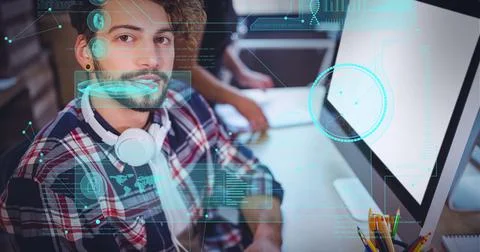 Digital interface with data processing against portrait of man sitting on his Foto stock
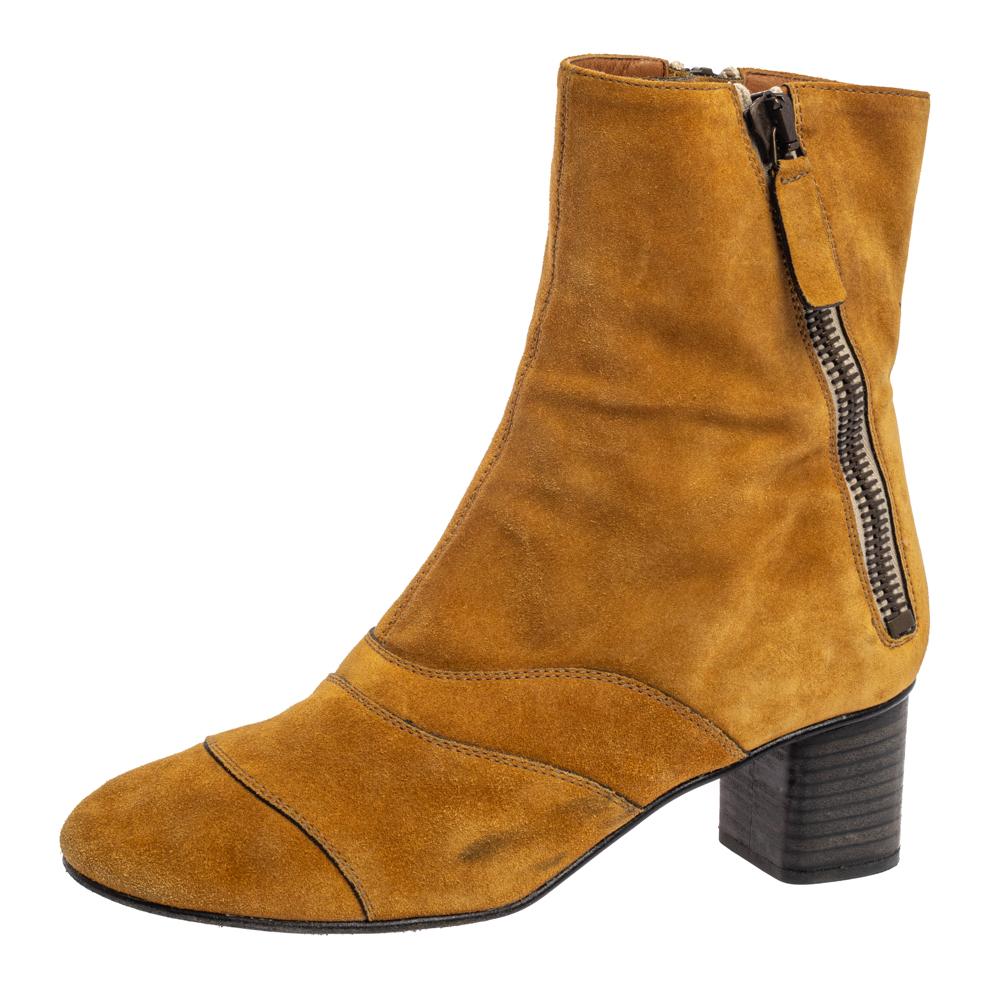 Let these ankle boots from Chloe help you shine a little more than others and amaze onlookers with every step! They have been crafted from butterscotch yellow suede and designed with pleated stitch details. They flaunt round toes, zippers on the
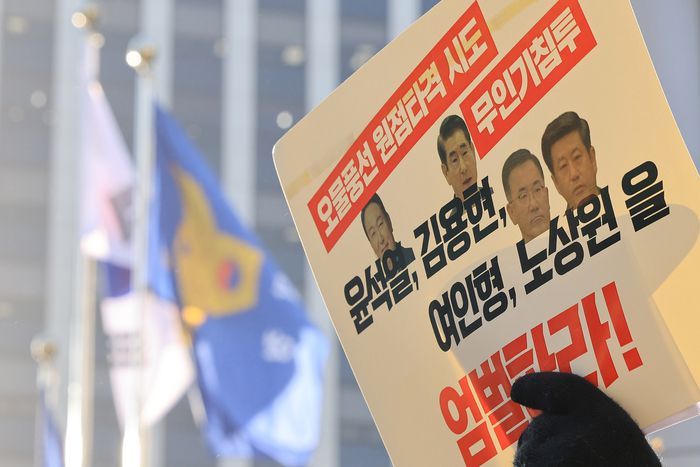 지난 26일 오전 서울 서대문구 경찰청 국가수사본부 앞에서 ‘평화와 연대를 위한 접경지역 주민·종교·시민사회 연석회의’, ‘윤석열 즉각퇴진·사회대개혁 비상행동’ 관계자들이 윤석열 대통령과 김용현 전 국방부 장관, 여인형 국군방첩사령관, 노상원 전 정보사령관을 외환죄 혐의로 고발하기에 앞서 팸플릿을 들고 시위를 하고 있다. [사진 = 연합뉴스]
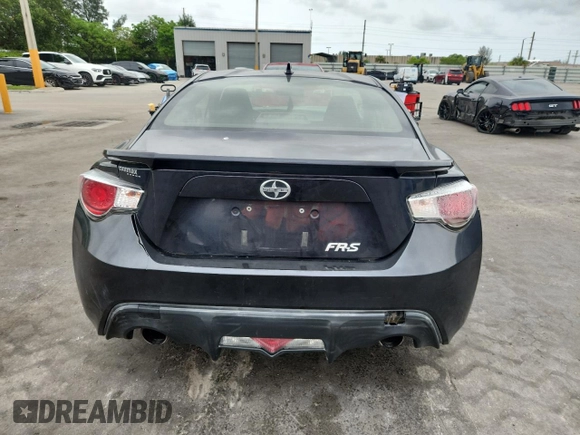 2015 Scion FR-S z VIN JF1ZNAA12F8711821, wystawiony jako Copart lot #59886505 z przebiegiem 115 796 mil mil oraz Szkoda całkowita • Salvage title. Historia ofert i sprzedaży dostępna na DreamBid. Obrazek 6.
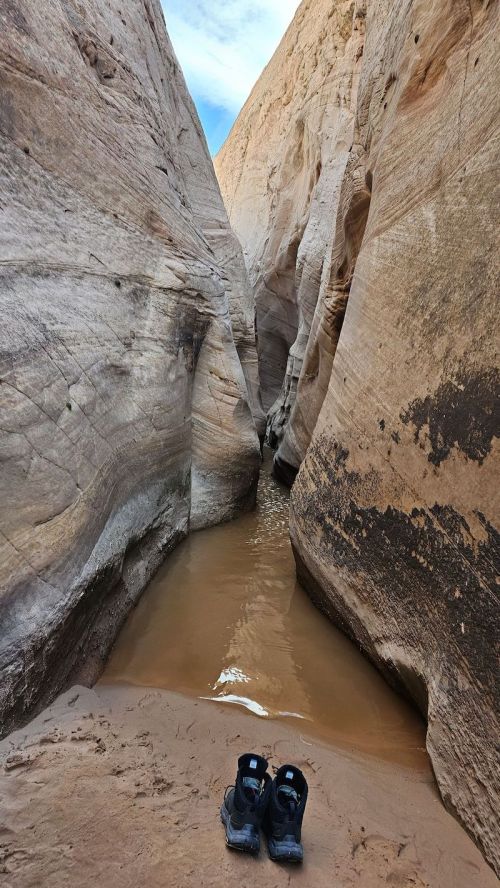 A narrow canyon with smooth rock walls and a small pool of water, featuring a pair of black shoes on the sandy ground.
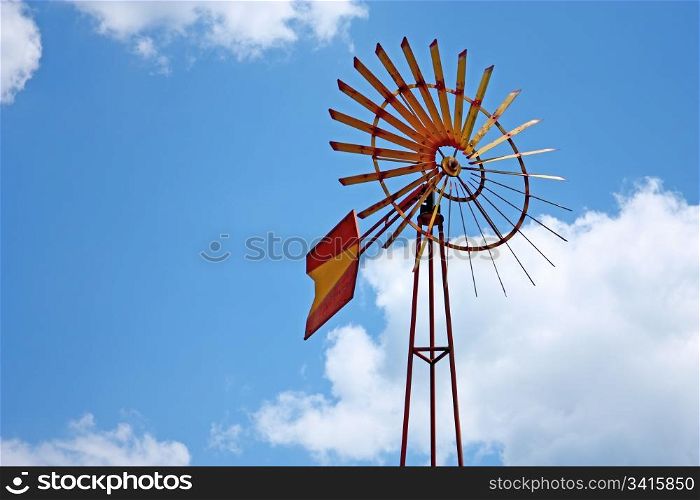 Vintage farm windmill against blue sky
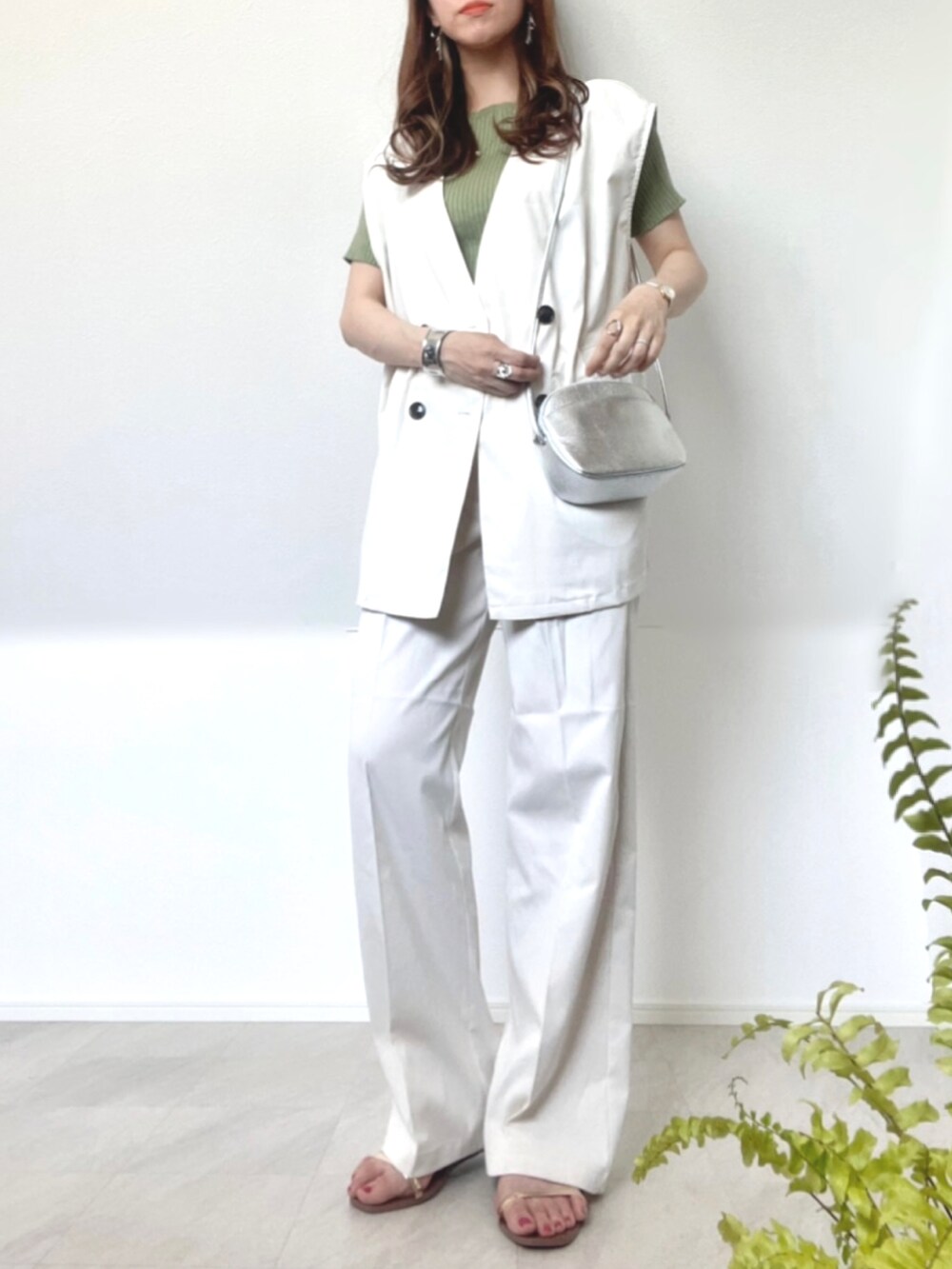 ホワイト系のセットアップ、ブラック系のサンダル、シルバー系のショルダーバッグを着用したレディースの春コーディネートの2枚目の写真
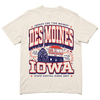 Cream-colored Des Moines t-shirt featuring an illustration of the Iowa state capital, an umbrella, and text reading Des Moines, Iowa, French for The Moines, and The Travelers with the slogan Let us exceed your already low expectations.
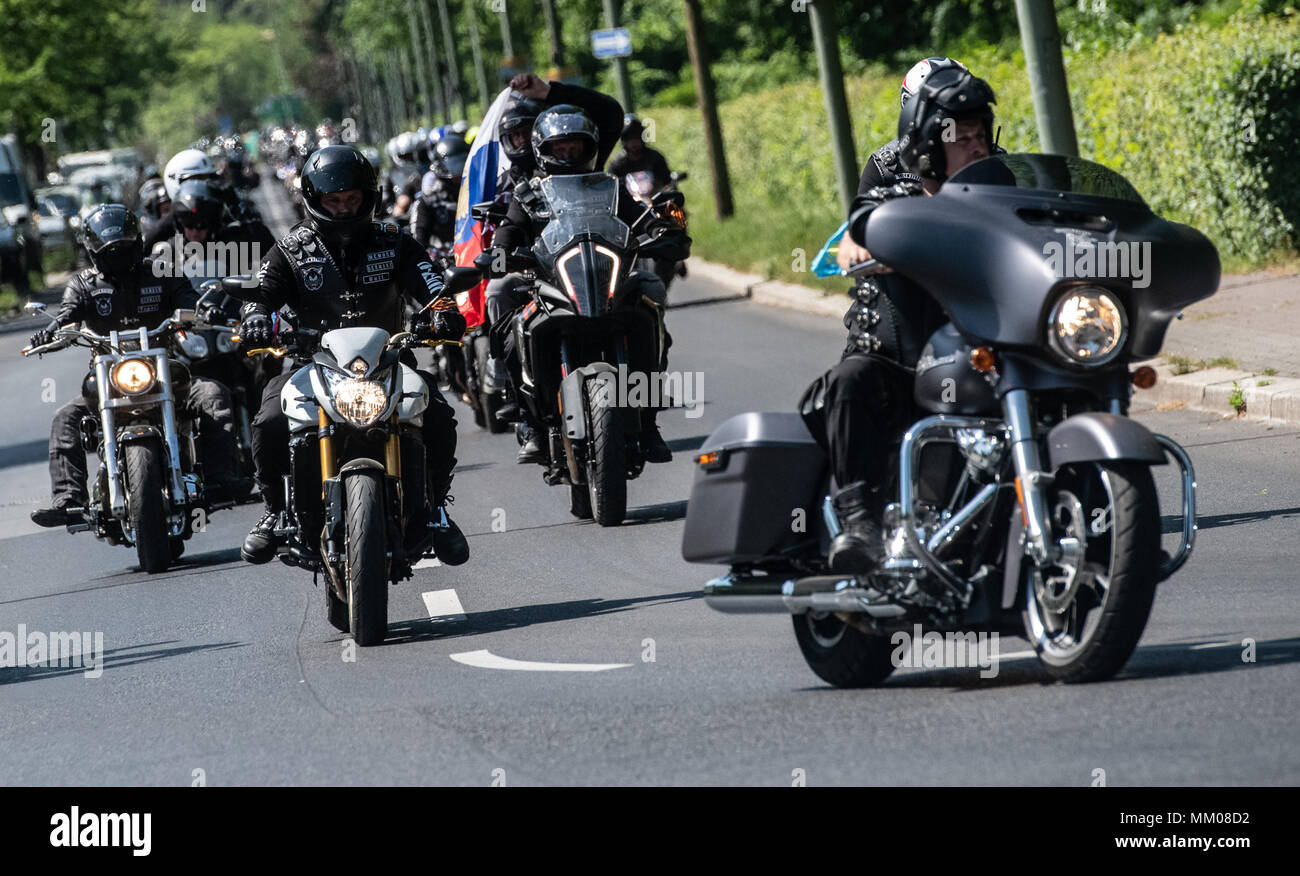 09 May 2018, Germany, Berlin: Members of the Russian motorcycle gang 'Night Wolves' driving through Berlin on 'Victory Day'. Russia and the other former Soviet republics pay tribute to the victory over Hitler's Germany of 1945 on 09 May. Photo: Paul Zinken/dpa Stock Photo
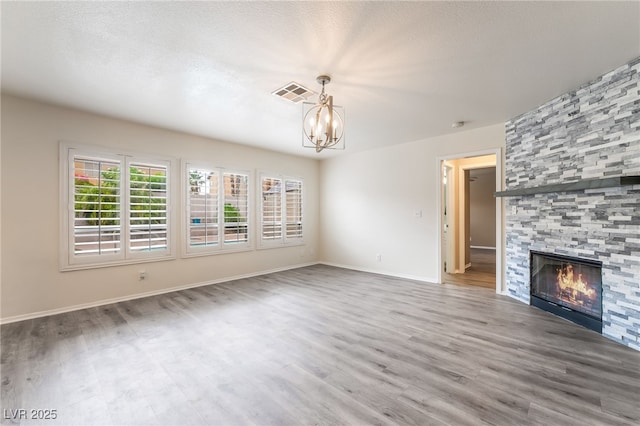 9578 Teton Vista Ave, Las Vegas, NV 89117 - unfurnished living room featuring a chandelier, wood finished floors, and a large fireplace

===============

◆ **Task directions**
Could you restate every record above word for word, leaving the pictures out?

◆ **Task result**
 Digital interface with data processing against portrait of man sitting on his Foto stock
 Let these ankle boots from Chloe help you shine a little more than others and amaze onlookers with every step! They have been crafted from butterscotch yellow suede and designed with pleated stitch details. They flaunt round toes, zippers on the
 지난 26일 오전 서울 서대문구 경찰청 국가수사본부 앞에서 ‘평화와 연대를 위한 접경지역 주민·종교·시민사회 연석회의’, ‘윤석열 즉각퇴진·사회대개혁 비상행동’ 관계자들이 윤석열 대통령과 김용현 전 국방부 장관, 여인형 국군방첩사령관, 노상원 전 정보사령관을 외환죄 혐의로 고발하기에 앞서 팸플릿을 들고 시위를 하고 있다. [사진 = 연합뉴스]
 2015 Scion FR-S z VIN JF1ZNAA12F8711821, wystawiony jako Copart lot #59886505 z przebiegiem 115 796 mil mil oraz Szkoda całkowita • Salvage title. Historia ofert i sprzedaży dostępna na DreamBid. Obrazek 6.
 A narrow canyon with smooth rock walls and a small pool of water, featuring a pair of black shoes on the sandy ground.
 Vintage farm windmill against blue sky
 ホワイト系のセットアップ、ブラック系のサンダル、シルバー系のショルダーバッグを着用したレディースの春コーディネートの2枚目の写真
 Cream-colored Des Moines t-shirt featuring an illustration of the Iowa state capital, an umbrella, and text reading Des Moines, Iowa, French for The Moines, and The Travelers with the slogan Let us exceed your already low expectations.
 09 May 2018, Germany, Berlin: Members of the Russian motorcycle gang 'Night Wolves' driving through Berlin on 'Victory Day'. Russia and the other former Soviet republics pay tribute to the victory over Hitler's Germany of 1945 on 09 May. Photo: Paul Zinken/dpa Stock Photo
 9578 Teton Vista Ave, Las Vegas, NV 89117 - unfurnished living room featuring a chandelier, wood finished floors, and a large fireplace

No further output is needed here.